* _Collected data_
──────
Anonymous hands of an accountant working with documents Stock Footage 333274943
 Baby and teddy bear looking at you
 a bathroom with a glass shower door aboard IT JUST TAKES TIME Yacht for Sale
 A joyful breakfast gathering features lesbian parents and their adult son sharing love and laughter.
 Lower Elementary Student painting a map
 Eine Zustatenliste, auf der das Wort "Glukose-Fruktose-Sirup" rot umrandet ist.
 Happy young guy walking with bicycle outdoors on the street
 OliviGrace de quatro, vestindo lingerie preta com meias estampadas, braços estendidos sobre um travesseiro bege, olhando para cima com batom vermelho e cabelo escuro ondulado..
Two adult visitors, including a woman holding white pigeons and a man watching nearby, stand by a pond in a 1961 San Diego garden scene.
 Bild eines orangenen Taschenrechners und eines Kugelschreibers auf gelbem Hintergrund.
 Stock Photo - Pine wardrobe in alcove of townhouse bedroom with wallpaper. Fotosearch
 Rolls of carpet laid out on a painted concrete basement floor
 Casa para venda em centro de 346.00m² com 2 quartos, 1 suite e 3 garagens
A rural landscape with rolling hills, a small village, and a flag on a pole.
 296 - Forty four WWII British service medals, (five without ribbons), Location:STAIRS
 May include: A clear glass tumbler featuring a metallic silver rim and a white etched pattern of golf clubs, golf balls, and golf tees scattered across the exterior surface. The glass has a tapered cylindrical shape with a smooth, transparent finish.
──────
* _Exercise objective_
From the records above, extract exactly and only the lines that begin at the line with "Happy young guy" and stop after the line with "Two adult visitors, including".

* _Reply_
 Happy young guy walking with bicycle outdoors on the street
 OliviGrace de quatro, vestindo lingerie preta com meias estampadas, braços estendidos sobre um travesseiro bege, olhando para cima com batom vermelho e cabelo escuro ondulado..
Two adult visitors, including a woman holding white pigeons and a man watching nearby, stand by a pond in a 1961 San Diego garden scene.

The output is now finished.